Kennebec County District Attorney Maeghan Maloney said Wednesday that Adam J. Keene, 31, of Madison, has been served with a summons to appear in court.

On April 23, a worker at Rollins Family Child Care Center in Hallowell found a loaded .380 caliber semi-automatic handgun in the boy’s backpack.

“All weapons are toys to children, so parents have to take care of them,” Maloney said. “By failing to keep control of his weapon, Mr. Keene acted in a reckless manner that could have ended in tragedy, not only for his family, but for an entire daycare. That’s why I decided to bring the charge.”

The charge alleges that Keene, who works as a dispatcher for the Somerset County Communications Center, “did recklessly create a substantial risk of serious bodily injury” to the boy.


“It’s more that he misplaced his weapon and didn’t know where it was,” Maloney said. “Misplacing it in his son’s daycare bag is reckless. I’m convinced it was not intentional — that’s why it’s not a felony.”

The gun was removed from the premises, and Hallowell police were called. Hallowell Police Chief Eric Nason said at the time that the gun’s safety was on, but a round was in the chamber.

Philip Mohlar, Keene’s attorney, said his client is upset about what happened.

“He does not know how it ended up in the bag,” Mohlar said. “He was very upset obviously, and horrified, to think of what could have happened and is grateful that nothing did.”

Later that day, the boy’s mother, Heidi Lynn Johnson, of Hallowell, alleged in an affidavit seeking a protection from abuse order in Augusta District Court that “the gun was brought in the bag to day care on at least three occasions. It was available to my son for six days as he had access to the day care bag.”

The boy uses the travel bag to carry belongings between the homes of his parents.


She also indicated that Keene “kept a loaded gun in the house and pointed it at the family dog threatening to kill him.”

Johnson said after telling Keene that the gun was found in the bag at day care, she asked why he was not using the gun safe she bought for him, but received no response.

Johnson got a temporary protection order, but two weeks later successfully requested the court dismiss both her complaint and the temporary order. In asking for the dismissal, she said the district attorney’s office and the child protective services department were investigating the incident.

The termination of that order on May 9 meant Keene could possess firearms again.

Mohlar said Keene contacted police about his missing gun several days before it was discovered in the backpack.

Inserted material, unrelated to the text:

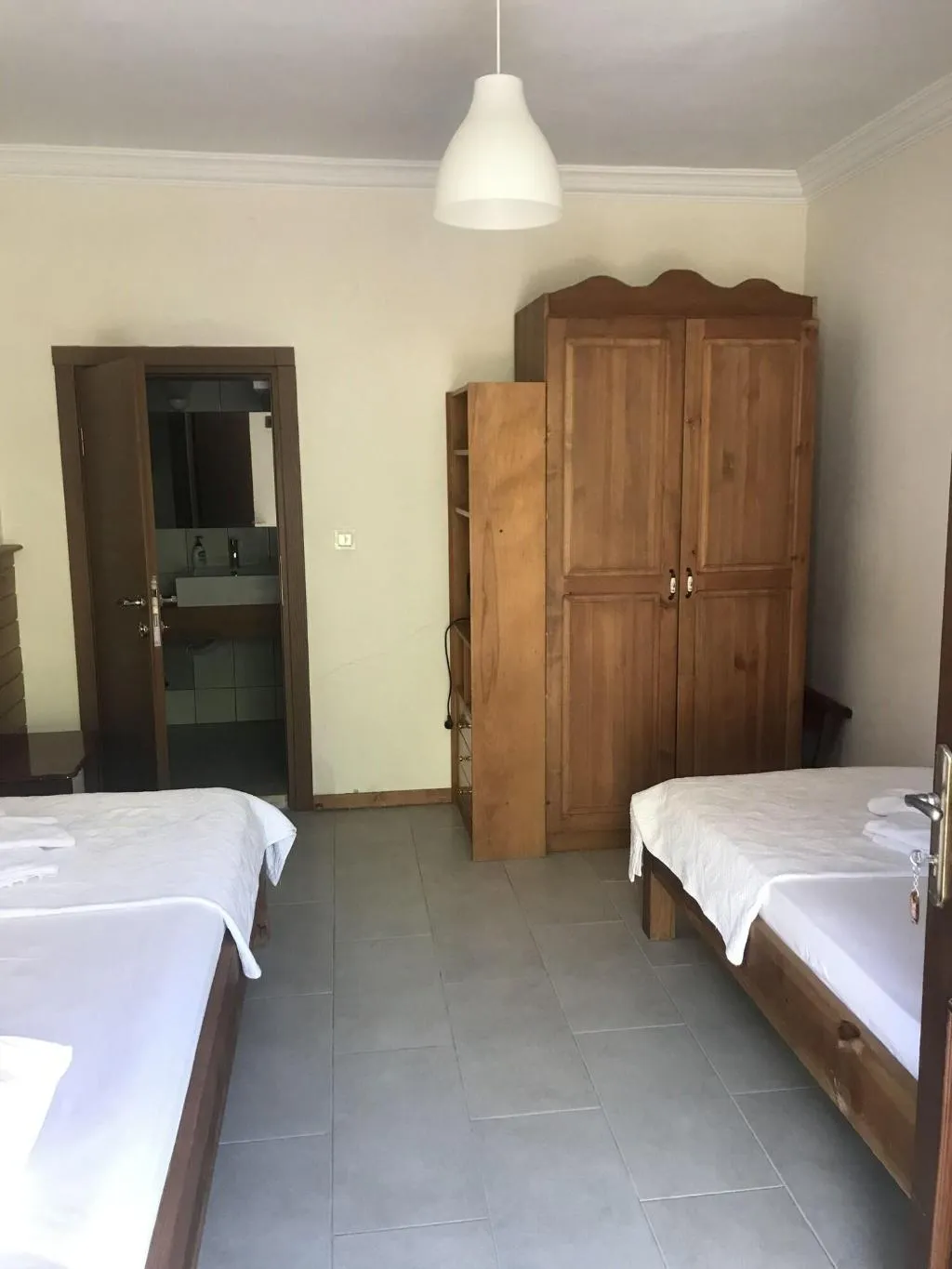 Room, Datca Suites Otel, Dalaman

Nason said previously that Skowhegan police were notified of the missing gun about 10 p.m. April 18.


“I haven’t had a chance to look at the police reports yet, and we are looking at how to handle the criminal part,” Mohlar said. “I’m not convinced that his actions constituted a crime. Just because we have a scary situation, doesn’t mean a crime was committed.”

In Johnson’s request for the protection order, she wrote that Keene told her “he had the gun in his truck and put the gun in my son’s backpack when he got out of the truck.”

Maloney said from what police and prosecutors can determine, and from what Keene could remember, “he was bringing the gun into the house and thinking he’d remember to take it out once he got in.

“It was not a conscious act, but it was a reckless act,” she said. “You have to be aware at all times what you’re doing with a deadly weapon.”

Maloney said she was willing to meet with parents at the day care if they want to discuss the situation.

Maloney said Keene has no prior criminal record and that she received a report on the family from an investigator with the Department of Health & Human Services that didn’t raise any additional red flags.


Keene is scheduled for a hearing on the charge in August in Augusta District Court.

Maloney also said she would look for a final resolution “where the father and other day care parents can talk about what happened and why it was so upsetting to the parents and to have Mr. Keene explain what happened.”

People answering the phone at the day care center on Wednesday afternoon said business owner Elizabeth Rollins was unavailable. She has previously said she would not comment on the case, citing concern for the children.